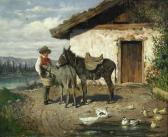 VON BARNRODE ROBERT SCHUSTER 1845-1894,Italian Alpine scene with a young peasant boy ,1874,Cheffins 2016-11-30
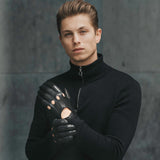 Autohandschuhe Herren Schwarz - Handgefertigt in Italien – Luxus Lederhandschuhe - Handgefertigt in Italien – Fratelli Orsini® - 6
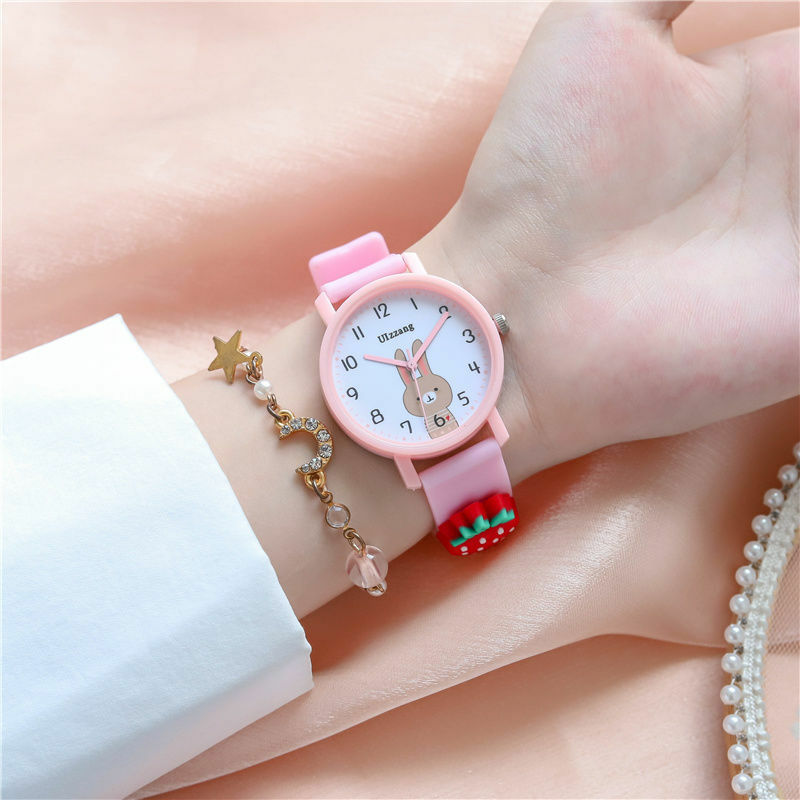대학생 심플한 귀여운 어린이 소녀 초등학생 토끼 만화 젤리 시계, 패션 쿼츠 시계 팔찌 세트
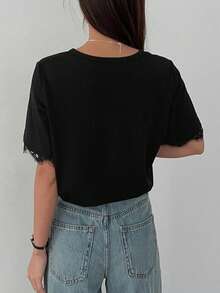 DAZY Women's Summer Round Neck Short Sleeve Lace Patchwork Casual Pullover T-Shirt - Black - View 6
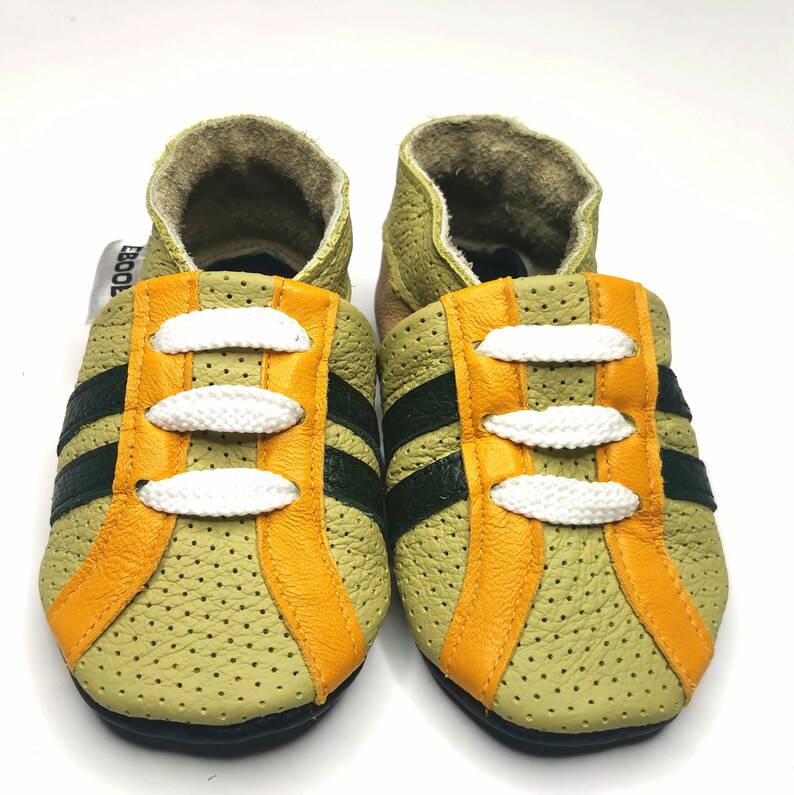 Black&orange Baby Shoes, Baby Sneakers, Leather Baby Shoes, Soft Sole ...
-- -- --
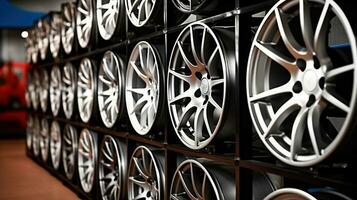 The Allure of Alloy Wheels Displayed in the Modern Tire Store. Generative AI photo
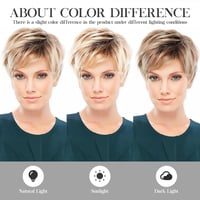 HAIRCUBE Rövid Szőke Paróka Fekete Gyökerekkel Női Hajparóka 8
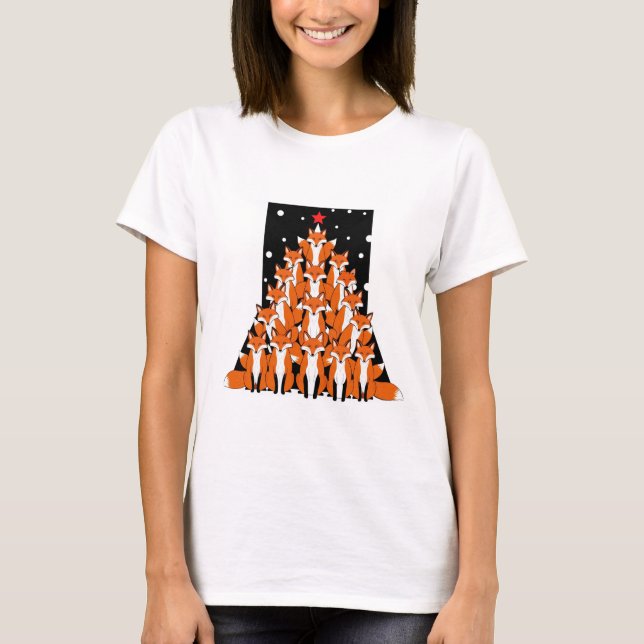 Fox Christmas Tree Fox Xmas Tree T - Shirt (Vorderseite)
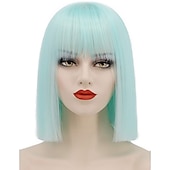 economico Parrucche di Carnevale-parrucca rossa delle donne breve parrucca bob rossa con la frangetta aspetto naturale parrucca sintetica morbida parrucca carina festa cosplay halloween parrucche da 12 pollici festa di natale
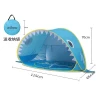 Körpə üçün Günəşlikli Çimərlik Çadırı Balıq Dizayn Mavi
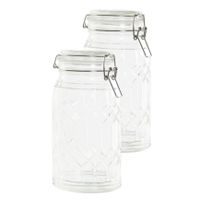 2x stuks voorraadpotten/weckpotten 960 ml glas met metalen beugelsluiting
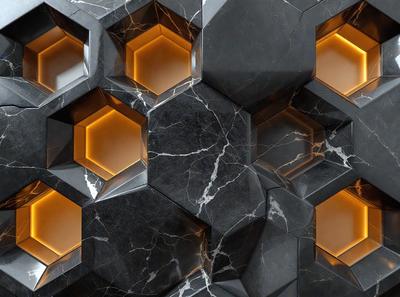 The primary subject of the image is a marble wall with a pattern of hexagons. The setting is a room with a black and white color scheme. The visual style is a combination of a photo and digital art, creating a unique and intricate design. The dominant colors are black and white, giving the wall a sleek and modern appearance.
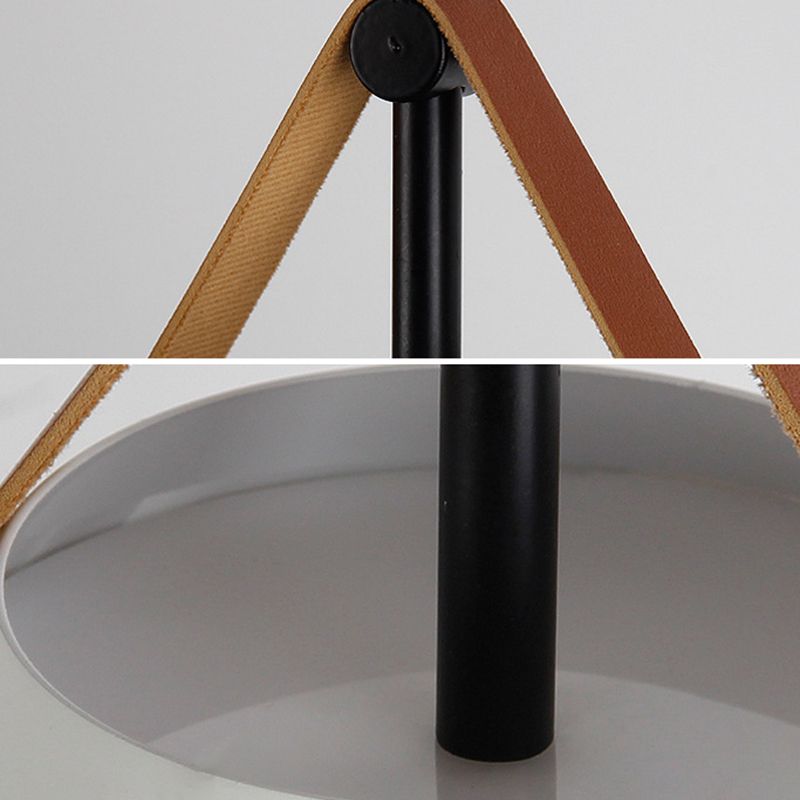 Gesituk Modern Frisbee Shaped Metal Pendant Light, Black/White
-- -- --
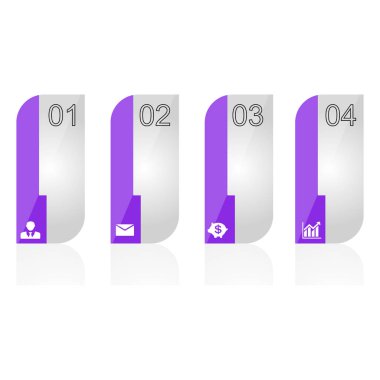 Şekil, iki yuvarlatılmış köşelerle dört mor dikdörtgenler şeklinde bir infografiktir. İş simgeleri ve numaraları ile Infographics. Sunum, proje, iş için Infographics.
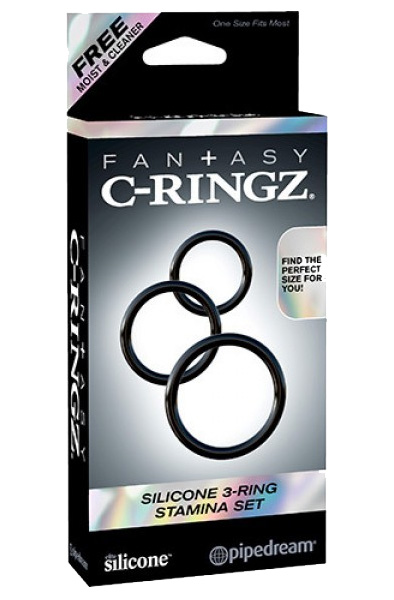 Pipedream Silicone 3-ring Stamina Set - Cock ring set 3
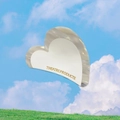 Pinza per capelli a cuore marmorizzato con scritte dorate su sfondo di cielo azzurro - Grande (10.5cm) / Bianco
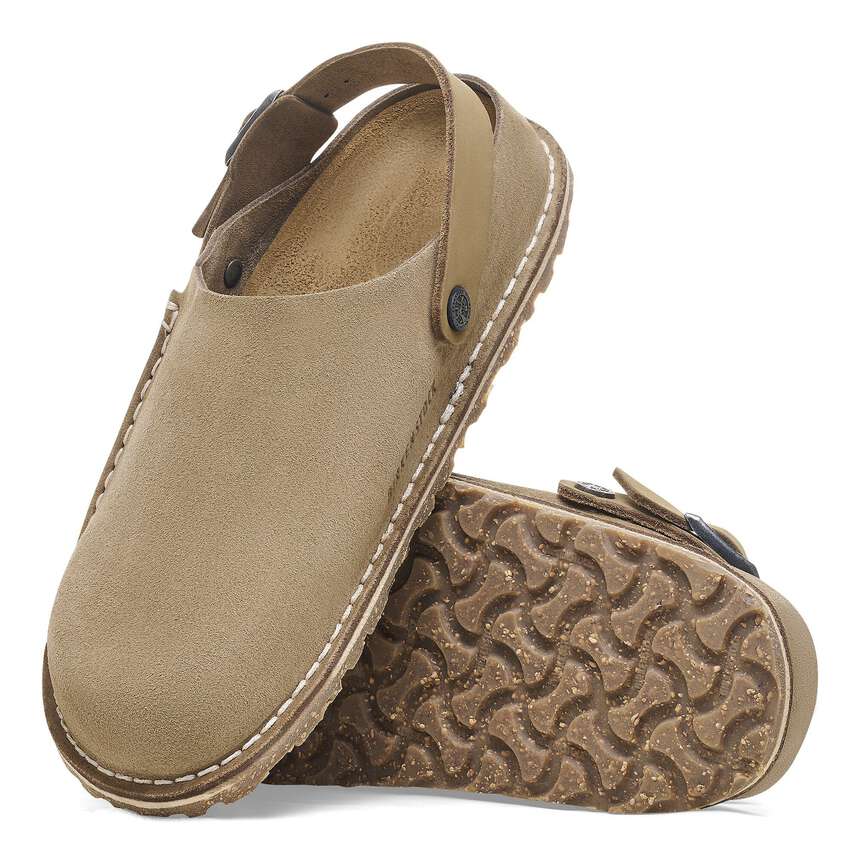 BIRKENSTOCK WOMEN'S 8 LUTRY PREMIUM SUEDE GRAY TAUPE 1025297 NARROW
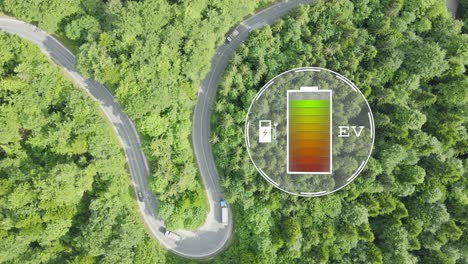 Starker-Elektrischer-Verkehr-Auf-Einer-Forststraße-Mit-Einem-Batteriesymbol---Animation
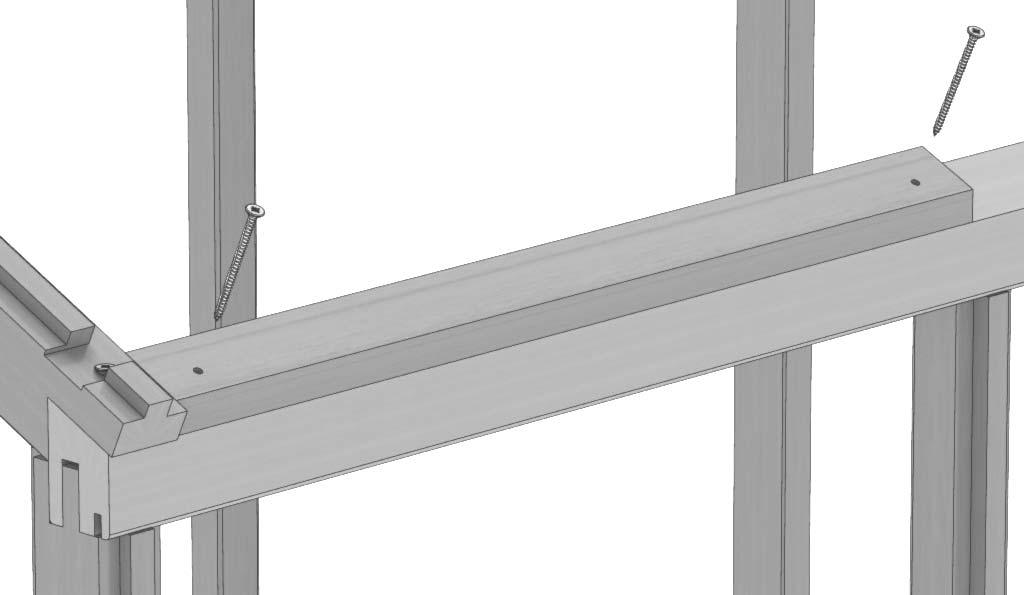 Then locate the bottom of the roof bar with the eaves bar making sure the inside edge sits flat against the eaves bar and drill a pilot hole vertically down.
-- -- --
Activity: What to print is the stretch of entries from the line with "VON BARNRODE ROBERT" up to and including the line with "Autohandschuhe Herren Schwarz". Please print it exactly and leave out the pictures.

Reply to the task:
 VON BARNRODE ROBERT SCHUSTER 1845-1894,Italian Alpine scene with a young peasant boy ,1874,Cheffins 2016-11-30
 Autohandschuhe Herren Schwarz - Handgefertigt in Italien – Luxus Lederhandschuhe - Handgefertigt in Italien – Fratelli Orsini® - 6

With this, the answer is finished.